◆ **The input**:
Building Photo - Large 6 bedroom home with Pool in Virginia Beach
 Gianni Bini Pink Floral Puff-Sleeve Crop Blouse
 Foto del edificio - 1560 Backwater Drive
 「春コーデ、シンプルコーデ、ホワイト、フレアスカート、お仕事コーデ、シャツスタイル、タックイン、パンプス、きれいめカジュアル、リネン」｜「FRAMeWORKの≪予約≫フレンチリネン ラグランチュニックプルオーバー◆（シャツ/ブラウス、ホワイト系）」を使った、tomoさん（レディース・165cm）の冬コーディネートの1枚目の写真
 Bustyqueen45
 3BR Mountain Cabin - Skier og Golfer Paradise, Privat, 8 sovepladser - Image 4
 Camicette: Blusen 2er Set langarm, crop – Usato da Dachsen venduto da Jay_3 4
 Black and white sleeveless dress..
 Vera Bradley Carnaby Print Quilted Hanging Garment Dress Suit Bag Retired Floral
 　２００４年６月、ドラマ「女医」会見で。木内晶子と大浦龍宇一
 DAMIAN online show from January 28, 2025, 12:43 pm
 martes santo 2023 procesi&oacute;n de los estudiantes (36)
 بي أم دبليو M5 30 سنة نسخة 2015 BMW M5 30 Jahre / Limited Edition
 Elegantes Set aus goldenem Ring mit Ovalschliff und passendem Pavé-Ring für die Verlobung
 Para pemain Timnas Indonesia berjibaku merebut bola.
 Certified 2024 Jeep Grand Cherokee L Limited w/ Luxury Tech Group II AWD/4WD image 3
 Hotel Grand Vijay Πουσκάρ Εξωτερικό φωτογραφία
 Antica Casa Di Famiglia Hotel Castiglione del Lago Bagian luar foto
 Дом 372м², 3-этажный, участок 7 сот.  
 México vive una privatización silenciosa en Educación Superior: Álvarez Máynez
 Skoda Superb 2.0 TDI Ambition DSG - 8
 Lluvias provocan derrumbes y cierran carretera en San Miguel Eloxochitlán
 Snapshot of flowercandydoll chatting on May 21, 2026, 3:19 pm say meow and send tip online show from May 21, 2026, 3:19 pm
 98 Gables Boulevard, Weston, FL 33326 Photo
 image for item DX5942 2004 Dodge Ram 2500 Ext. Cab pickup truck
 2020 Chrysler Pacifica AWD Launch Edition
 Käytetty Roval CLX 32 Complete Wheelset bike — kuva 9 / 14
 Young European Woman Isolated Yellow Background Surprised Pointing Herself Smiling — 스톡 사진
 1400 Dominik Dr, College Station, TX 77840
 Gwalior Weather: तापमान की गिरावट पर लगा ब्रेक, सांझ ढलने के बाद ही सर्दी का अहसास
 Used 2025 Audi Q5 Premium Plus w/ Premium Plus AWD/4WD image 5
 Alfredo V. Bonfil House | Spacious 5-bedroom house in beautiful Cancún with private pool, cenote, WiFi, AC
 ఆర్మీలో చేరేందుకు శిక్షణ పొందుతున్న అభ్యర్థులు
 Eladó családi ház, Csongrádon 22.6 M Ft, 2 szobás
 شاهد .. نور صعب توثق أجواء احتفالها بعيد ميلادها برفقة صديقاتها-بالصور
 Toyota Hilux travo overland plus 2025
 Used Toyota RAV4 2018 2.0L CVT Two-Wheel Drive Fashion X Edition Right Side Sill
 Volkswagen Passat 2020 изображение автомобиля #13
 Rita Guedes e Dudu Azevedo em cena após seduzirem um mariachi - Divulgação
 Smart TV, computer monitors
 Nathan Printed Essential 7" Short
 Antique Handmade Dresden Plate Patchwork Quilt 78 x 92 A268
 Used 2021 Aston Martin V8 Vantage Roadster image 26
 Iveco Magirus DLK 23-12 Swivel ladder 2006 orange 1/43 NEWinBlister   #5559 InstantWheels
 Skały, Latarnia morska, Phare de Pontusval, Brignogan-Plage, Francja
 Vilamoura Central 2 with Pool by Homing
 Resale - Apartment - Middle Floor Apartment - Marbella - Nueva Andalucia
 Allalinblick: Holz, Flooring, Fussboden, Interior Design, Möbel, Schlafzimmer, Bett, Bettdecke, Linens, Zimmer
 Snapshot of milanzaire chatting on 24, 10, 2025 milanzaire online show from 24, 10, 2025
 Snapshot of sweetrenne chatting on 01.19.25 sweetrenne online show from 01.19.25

◆ **Task details**:
Look through the data above and return exactly the lines from the one that contains "Foto del edificio - 1560 Backwater Drive" to the one that contains "2020 Chrysler Pacifica AWD Launch Edition", inclusive, with nothing else.

◆ **Solution below**:
 Foto del edificio - 1560 Backwater Drive
 「春コーデ、シンプルコーデ、ホワイト、フレアスカート、お仕事コーデ、シャツスタイル、タックイン、パンプス、きれいめカジュアル、リネン」｜「FRAMeWORKの≪予約≫フレンチリネン ラグランチュニックプルオーバー◆（シャツ/ブラウス、ホワイト系）」を使った、tomoさん（レディース・165cm）の冬コーディネートの1枚目の写真
 Bustyqueen45
 3BR Mountain Cabin - Skier og Golfer Paradise, Privat, 8 sovepladser - Image 4
 Camicette: Blusen 2er Set langarm, crop – Usato da Dachsen venduto da Jay_3 4
 Black and white sleeveless dress..
 Vera Bradley Carnaby Print Quilted Hanging Garment Dress Suit Bag Retired Floral
 　２００４年６月、ドラマ「女医」会見で。木内晶子と大浦龍宇一
 DAMIAN online show from January 28, 2025, 12:43 pm
 martes santo 2023 procesi&oacute;n de los estudiantes (36)
 بي أم دبليو M5 30 سنة نسخة 2015 BMW M5 30 Jahre / Limited Edition
 Elegantes Set aus goldenem Ring mit Ovalschliff und passendem Pavé-Ring für die Verlobung
 Para pemain Timnas Indonesia berjibaku merebut bola.
 Certified 2024 Jeep Grand Cherokee L Limited w/ Luxury Tech Group II AWD/4WD image 3
 Hotel Grand Vijay Πουσκάρ Εξωτερικό φωτογραφία
 Antica Casa Di Famiglia Hotel Castiglione del Lago Bagian luar foto
 Дом 372м², 3-этажный, участок 7 сот.  
 México vive una privatización silenciosa en Educación Superior: Álvarez Máynez
 Skoda Superb 2.0 TDI Ambition DSG - 8
 Lluvias provocan derrumbes y cierran carretera en San Miguel Eloxochitlán
 Snapshot of flowercandydoll chatting on May 21, 2026, 3:19 pm say meow and send tip online show from May 21, 2026, 3:19 pm
 98 Gables Boulevard, Weston, FL 33326 Photo
 image for item DX5942 2004 Dodge Ram 2500 Ext. Cab pickup truck
 2020 Chrysler Pacifica AWD Launch Edition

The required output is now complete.